If you decide you'd rather not lug around all this extra mass, there are certainly reputable services out there and many rent gear. Just do all the legwork you can ahead of time. Find out what their policies are on retiring gear -- how many years for each piece, what about if it hits hard ground, how do they decide when something is worn, things like that. It's also worthwhile to make sure they carry harnesses and shoes in your needed sizes as it may be worth bringing this stuff of your own and using the shop's rope and quickdraws.

Go Guide? Or Go Solo?
This is another personal decision. Usually, we grab a guidebook and hit the crags on our own, just like we would in the US. In fact, I've only gone on a guided "climbing" trip once anywhere and it was a joke.

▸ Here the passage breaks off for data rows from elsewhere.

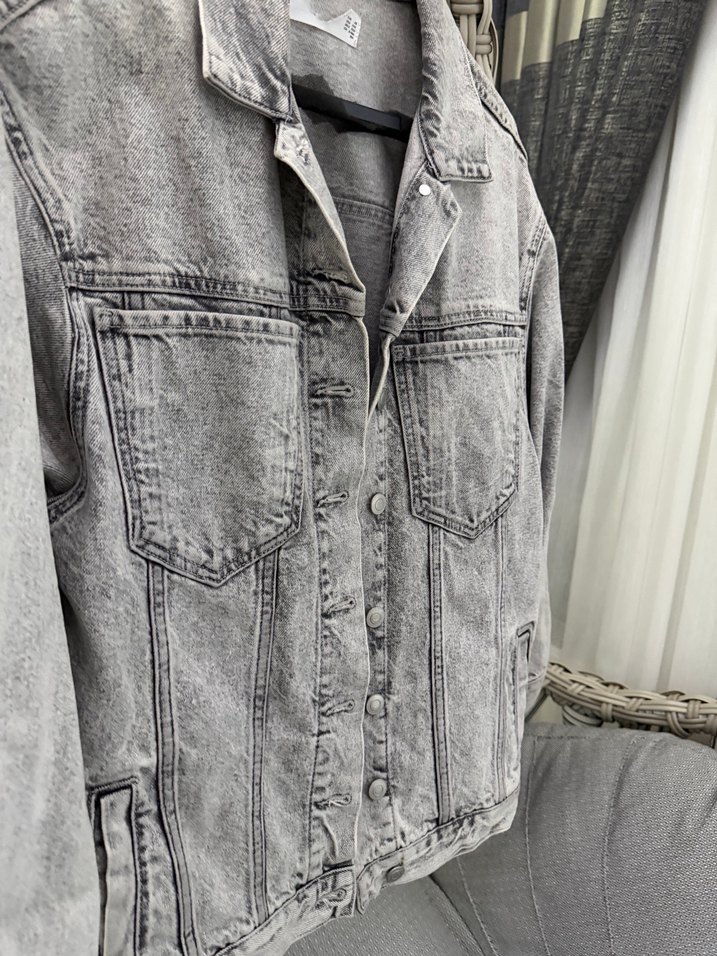 Gri Düğmeli Kadın Denim Ceket - Görsel 2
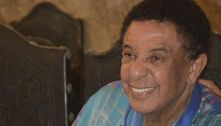 Com covid-19, Agnaldo Timóteo segue em estado grave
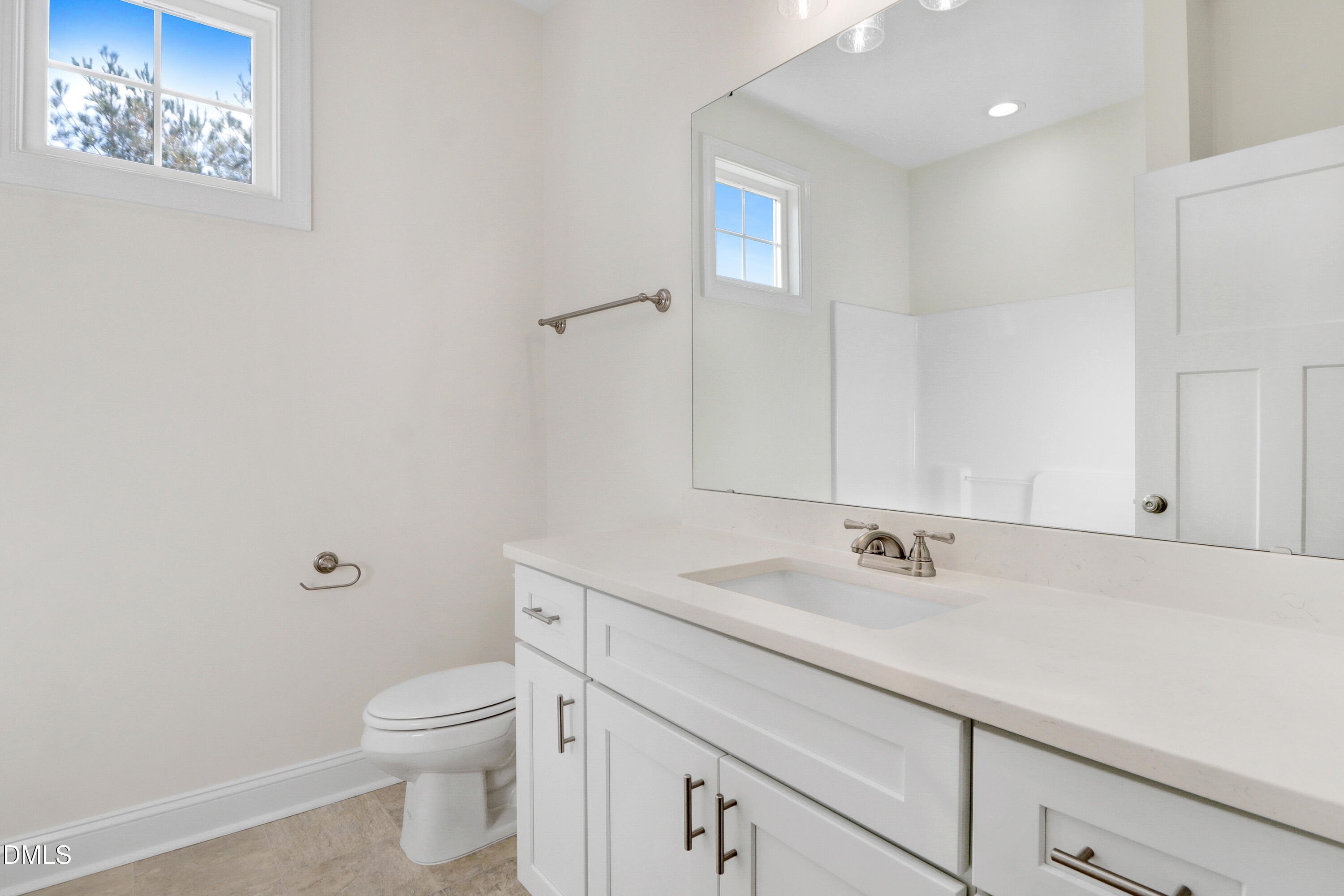 property viewer photo 26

That said, it was in northern India as a day excursion from my ashram-base for yoga teacher training. This was not climbing. Yes, we were belayed and yes, there was a rope, but the 20-foot roadside rock was not a crag. But places like Chiang Mai Rock Climbing Adventures or Basecamp Tonsai will get you out safely and save you the time of navigating new areas. Which may be an ideal strategy if you've got limited time or really want to climb as hard and much as you can. Or, of course, if you're not that familiar with climbing outside and want a more experienced hand present. But again, dig around to make sure your chosen escort is of suitable quality. Read reviews, ask in online forums, give them a call before you get to town or drop in when you do. Make sure they'll be able to provide the service you're looking for.